He was also responsible for hiring Phil Spector for a short period as an assistant producer for Liberty. Later Garrett had his own record label, Snuff Garrett Records and Viva Records.

In 1966-67 Garrett and J J Cale co-produced A trip down the Sunset Strip, attributed to the Leathercoated Minds, a compilation of psychedelic covers together with four instrumentals of Cale’s own composition.

Many of Garrett’s hit singles came from songs by the Brill Building songwriters in New York City. One of his assistants was future recording star Leon Russell. Garrett was invited early on to produce The Monkees, but a test session did not go well, with the Monkees preferring to work with Boyce and Hart, writers of “Last Train to Clarksville” and the Monkees’s theme song.

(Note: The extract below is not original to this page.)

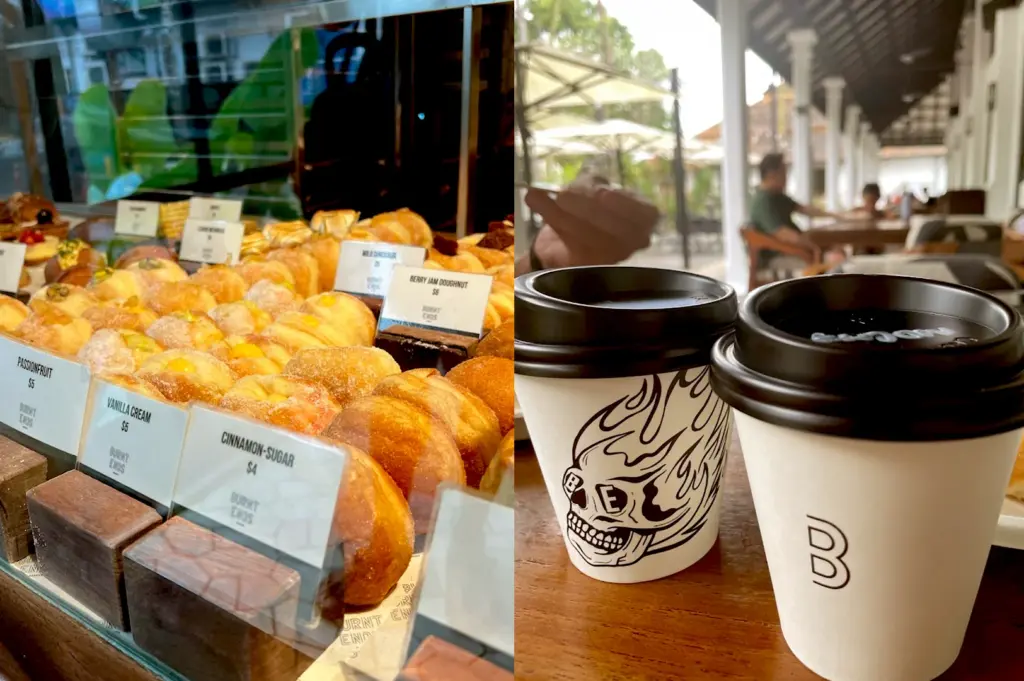 Close-up of the pastry display at Burnt Ends Bakery showcasing a variety of artisan doughnuts like Berry Jam and Cinnamon-Sugar, with takeaway coffee cups in the foreground.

Garrett worked regularly with The Johnny Mann Singers and The Ron Hicklin Singers on many projects, and was responsible for the new sound of The Ray Conniff Singers in the early 1970s (which employed the Hicklin Singers), producing two albums with Conniff.

In 1976, Garrett set up a sublabel of Casablanca Records called Casablanca West. The label released just one album and two singles before folding. In 1978, Garrett produced the country-oriented soundtrack of Clint Eastwood’s Every Which Way but Loose, which appeared on Garrett’s latter-day label, Viva Records.

In 1976, when home video was in its infancy, Garrett bought cassette rights to the old RKO and Republic films for what United Press International termed “a pittance.”

By 1980, the 800-title library of his company The Nostalgia Merchant was earning $2.3 million a year. “Nobody wanted cassettes four years ago,” Garrett told UPI. “It wasn’t the first time people called me crazy. It was a hobby with me which became big business.”

Garrett retired to his ranch in Arizona during the 1980s. Among his other interests are American Western art, and he shares his collection with the public through prints.